2 Replies Latest reply on Nov 20, 2012 3:21 AM by smariusp

    Get all values for which a specifc node is the primary owner

    smariusp

      Hi,

       

          I am doing some tests for evaluating Infinispan - distributed mode, and I can't figure out how to get all the the values for which a node is primary owner.

      Could you please help me with some hints?

       

      Thank you!

        • 1. Re: Get all values for which a specifc node is the primary owner
          nadirx

          The Cache<K,V>.values() entrySet() and keySet() methods only return the data stored locally in distribution mode, so that could be a way to obtain the information. It doesn't however distinguish between primary and backup owners. The DistributionManager (which you can obtain via the Cache.getAdvancedCache().getDistributionManager() call) has a locate method which provides the addresses of the specified keys in the cluster.

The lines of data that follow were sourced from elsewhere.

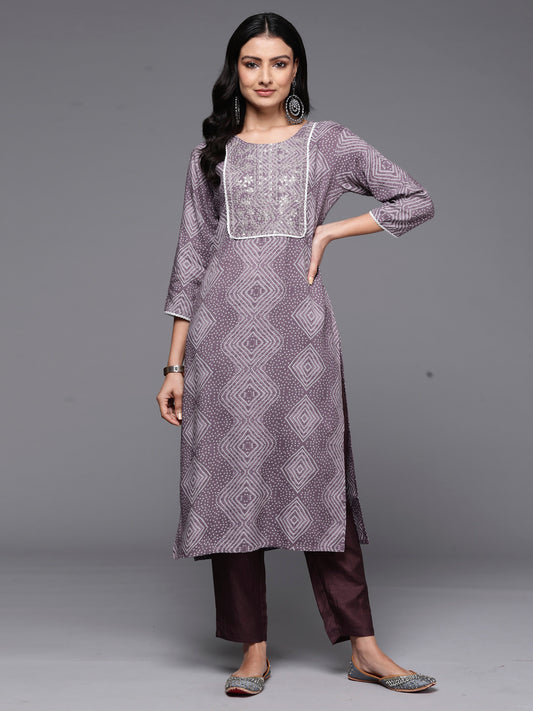 Indo Era Mauve Printed Straight Kurtas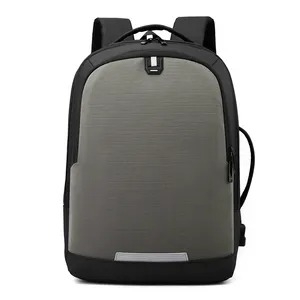 High quality waterpoof Nylon laptop backpack built in reflective stripe USB port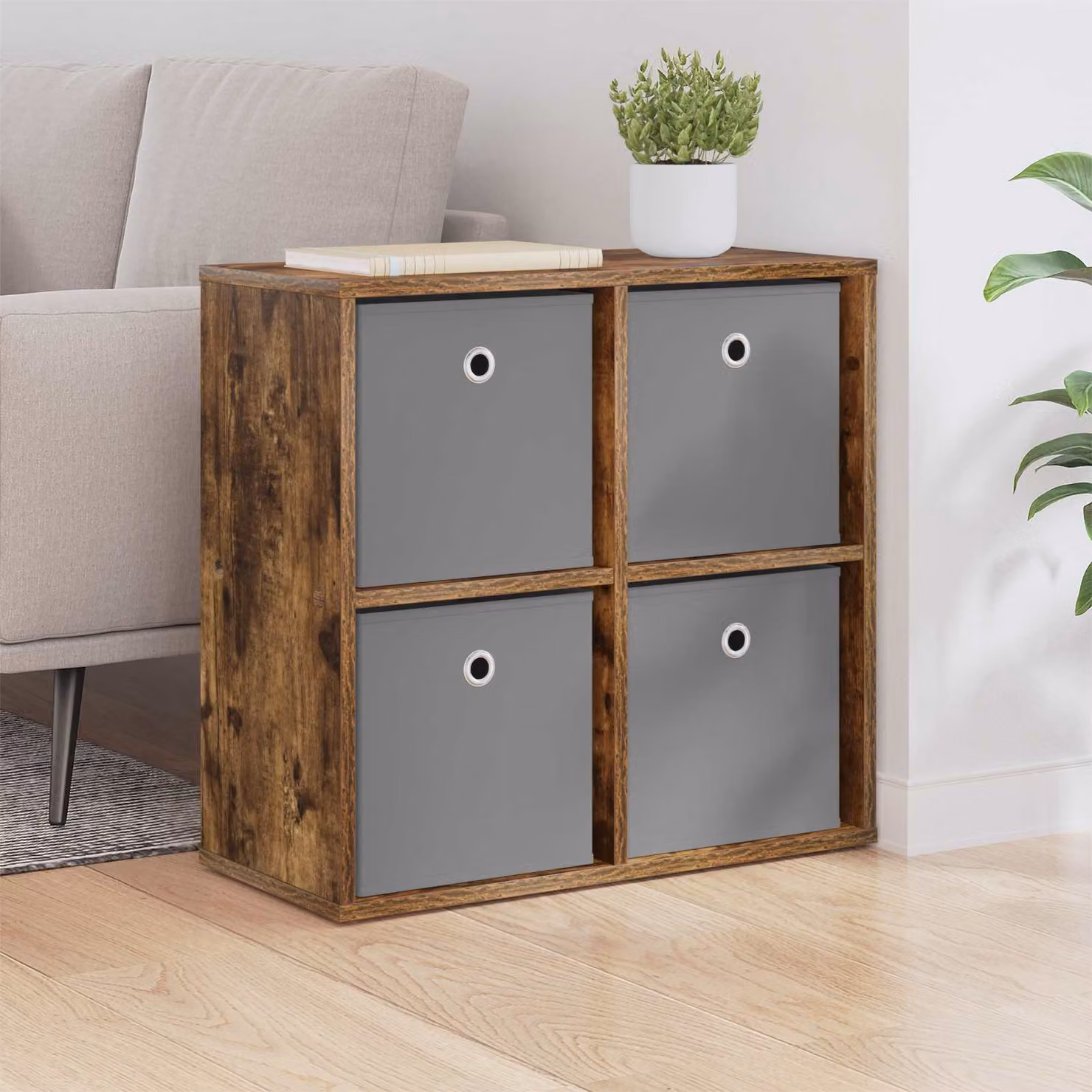 Credenza moderna vidaXL in rovere fumé marrone L: 59,5 cm, P: 27 cm, H: 57 cm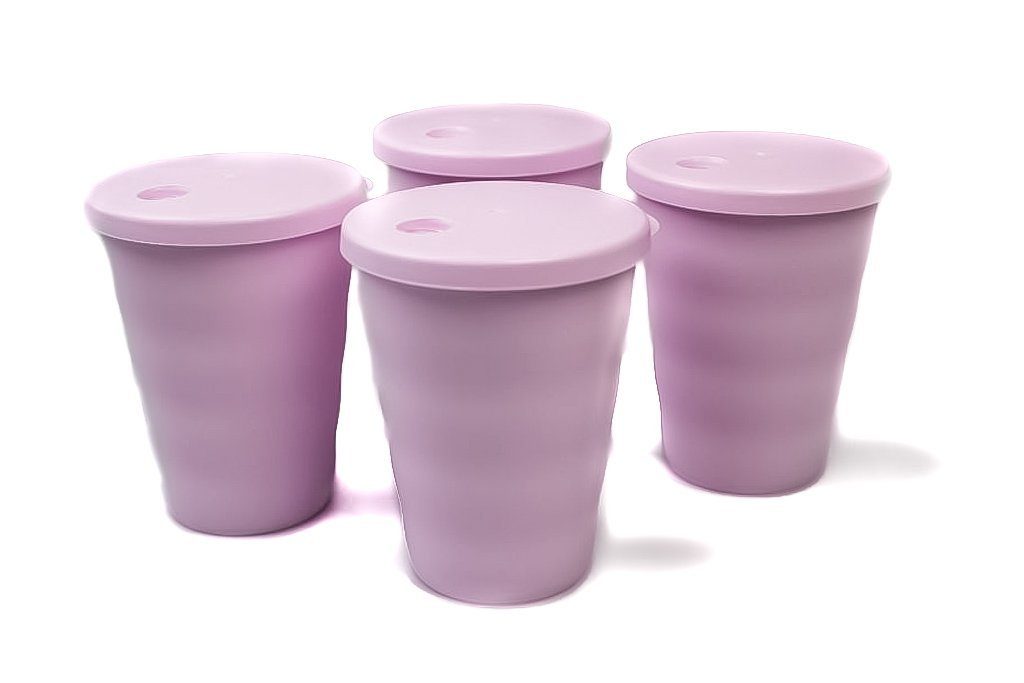 TUPPERWARE Servierschüssel Junge Welle Trinkbecher 330ml rosa (4) + SPÜLTUCH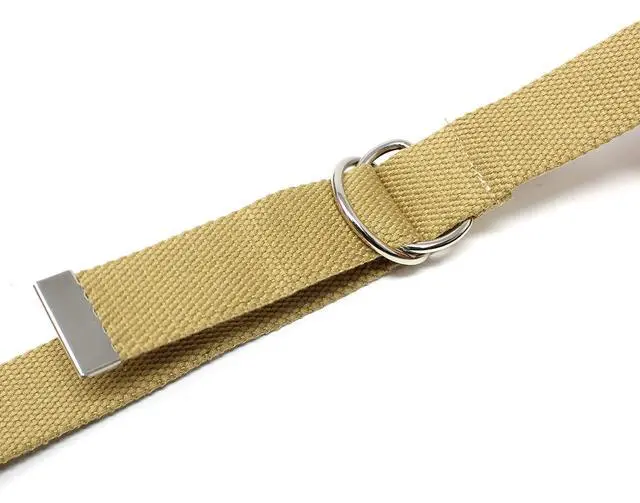 Alt view image 3 of 6 - Thin Web Belt Double D-Ring Buckle 1.25" Wide with Metal Tip Solid Color (XL-Khaki)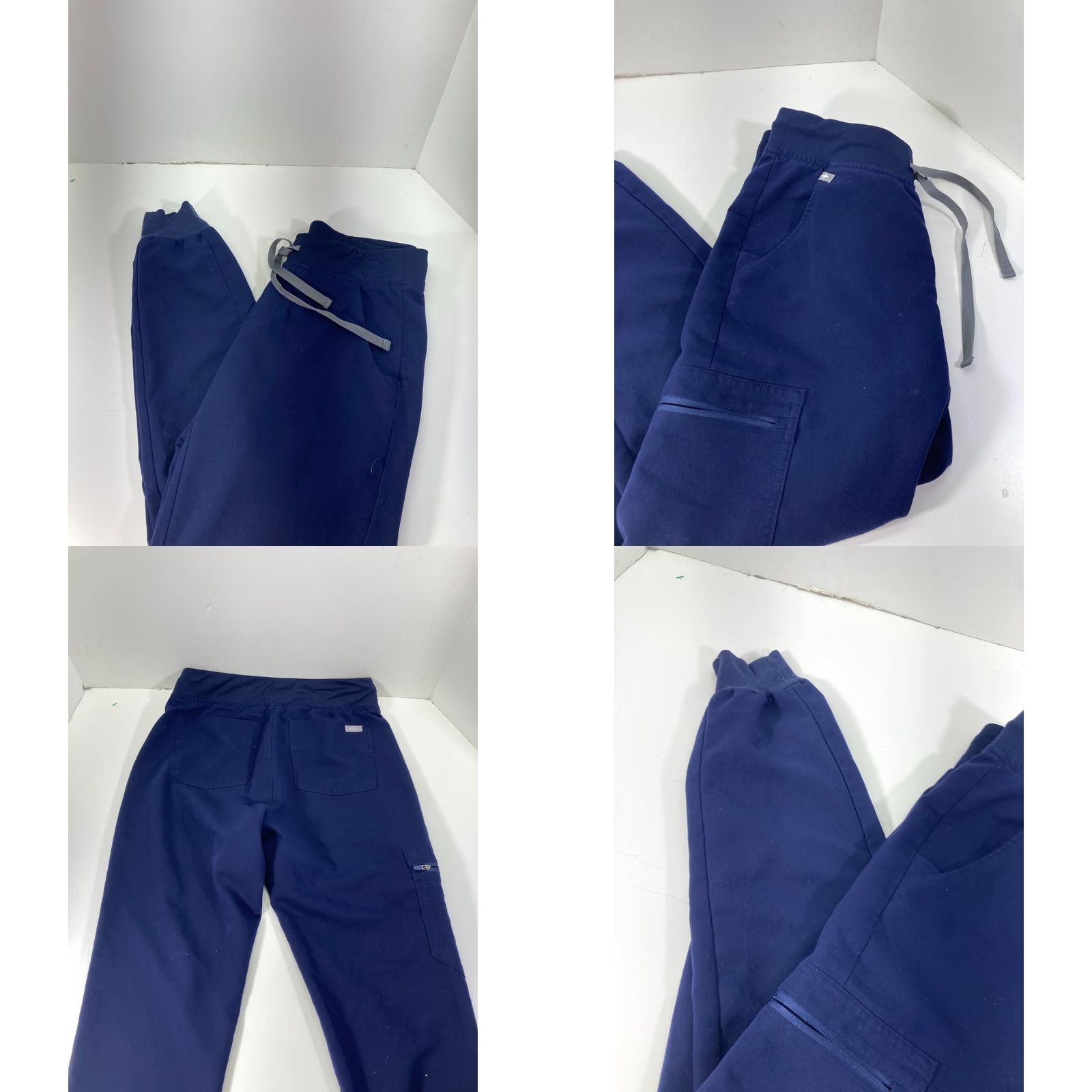 Vintage FIGS Scrub Jogger Pants Womens XS Navy Blue Stretch Elastic Waist Straight Leg Size 26" / US 2 / IT 38 - 8 Thumbnail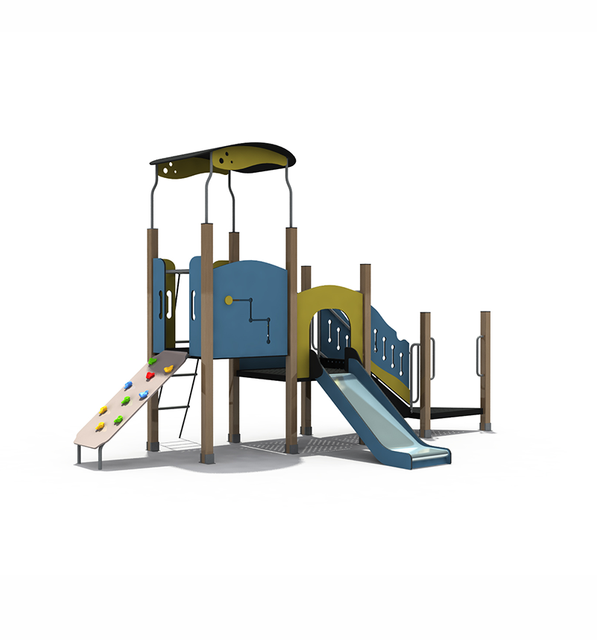 Durable Combination Kindergarten PE Board Material Slide Playground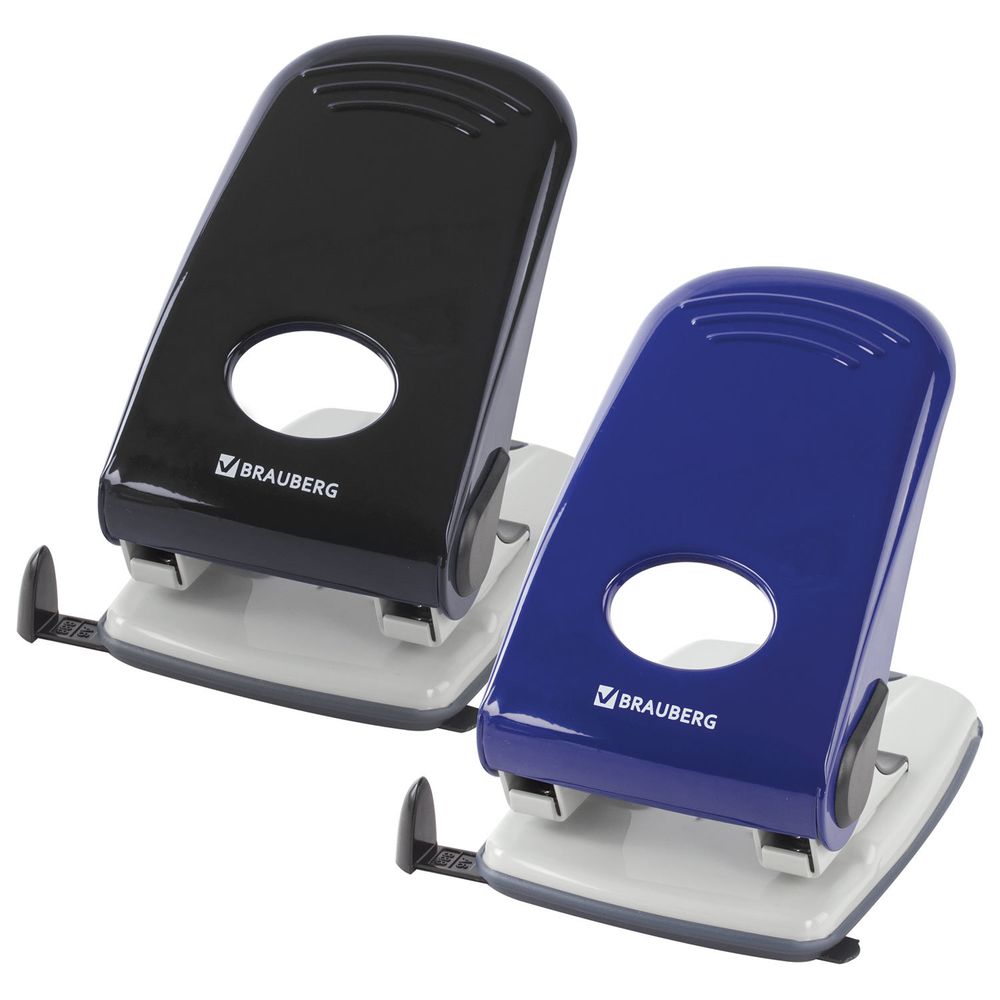 Дырокол металлический BRAUBERG "Style", до 50 листов, ассорти (синий/черный)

          You could also use the DistExec framework to perform operations on the local data of each node.

          • 2. Re: Get all values for which a specifc node is the primary owner
            smariusp

            Hi Tristan,

             

            Thank you for your response.

             

            This is what I have used, but I was unsure because the documentation states that keyset() and values() are not suitable for production. For example, when having a large number of entries in the local cache, do they return a copy of the entries?

             

            Just a few words about the context in which I want to use Infinispan. I have a cluster of processors and I am trying to distribute some workload within this cluster. I am using Infinispan to store a sort of task queue. As far as I know, each key has exactly one primary owner.  I want each node to process only data which is stored locally (in order to reduce the network calls) and I want to ensure that a task is processed exactly once. So, I thought of using the primary ownership info so that each processor selects the next task according to these criteria. Because it is distributed, if a node crashes, another node will be able to seamlessly take over and process tasks belonging to the dead node because another node would become the primary owner.

             

            In order to accomplish the above, I have tried to use the query feature: store in each value object the hash of the key (this information does not change when the cluster topology changes, so I don’t need to recompute it) after which each node could query the cache like this:

                                        Give me the first n values for which hash(key) belongs to a segment for which I am the primary owner.

            But the query feature seems way too much for what I need to do – I don’t need network calls to find these values. And it seems the query feature does not support complex filters.

             

            Could you please help me with any suggestions?